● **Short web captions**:
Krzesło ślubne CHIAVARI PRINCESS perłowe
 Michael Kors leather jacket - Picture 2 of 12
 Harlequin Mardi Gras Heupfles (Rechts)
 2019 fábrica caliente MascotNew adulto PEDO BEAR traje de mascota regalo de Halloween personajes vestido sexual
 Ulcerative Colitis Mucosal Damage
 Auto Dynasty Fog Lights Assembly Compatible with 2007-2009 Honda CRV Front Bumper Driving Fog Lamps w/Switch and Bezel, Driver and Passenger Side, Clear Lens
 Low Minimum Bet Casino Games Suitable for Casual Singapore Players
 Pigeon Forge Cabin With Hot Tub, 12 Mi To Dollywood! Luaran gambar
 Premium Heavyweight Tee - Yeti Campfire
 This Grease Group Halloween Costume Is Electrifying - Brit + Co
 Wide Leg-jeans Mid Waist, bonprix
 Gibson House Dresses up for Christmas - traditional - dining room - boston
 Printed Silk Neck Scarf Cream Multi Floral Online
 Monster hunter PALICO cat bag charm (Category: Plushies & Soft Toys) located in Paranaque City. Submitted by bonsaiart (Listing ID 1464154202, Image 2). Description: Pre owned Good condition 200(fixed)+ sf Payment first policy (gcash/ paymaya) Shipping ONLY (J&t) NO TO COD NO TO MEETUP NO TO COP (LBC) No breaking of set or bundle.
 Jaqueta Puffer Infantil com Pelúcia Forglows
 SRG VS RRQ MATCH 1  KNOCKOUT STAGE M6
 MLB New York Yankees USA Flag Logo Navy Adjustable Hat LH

● **WHAT IS REQUIRED**: Restate exactly each line of the data from the one bearing "Gibson House Dresses" to the end, and add nothing.

● **TASK RESULT**:
 Gibson House Dresses up for Christmas - traditional - dining room - boston
 Printed Silk Neck Scarf Cream Multi Floral Online
 Monster hunter PALICO cat bag charm (Category: Plushies & Soft Toys) located in Paranaque City. Submitted by bonsaiart (Listing ID 1464154202, Image 2). Description: Pre owned Good condition 200(fixed)+ sf Payment first policy (gcash/ paymaya) Shipping ONLY (J&t) NO TO COD NO TO MEETUP NO TO COP (LBC) No breaking of set or bundle.
 Jaqueta Puffer Infantil com Pelúcia Forglows
 SRG VS RRQ MATCH 1  KNOCKOUT STAGE M6
 MLB New York Yankees USA Flag Logo Navy Adjustable Hat LH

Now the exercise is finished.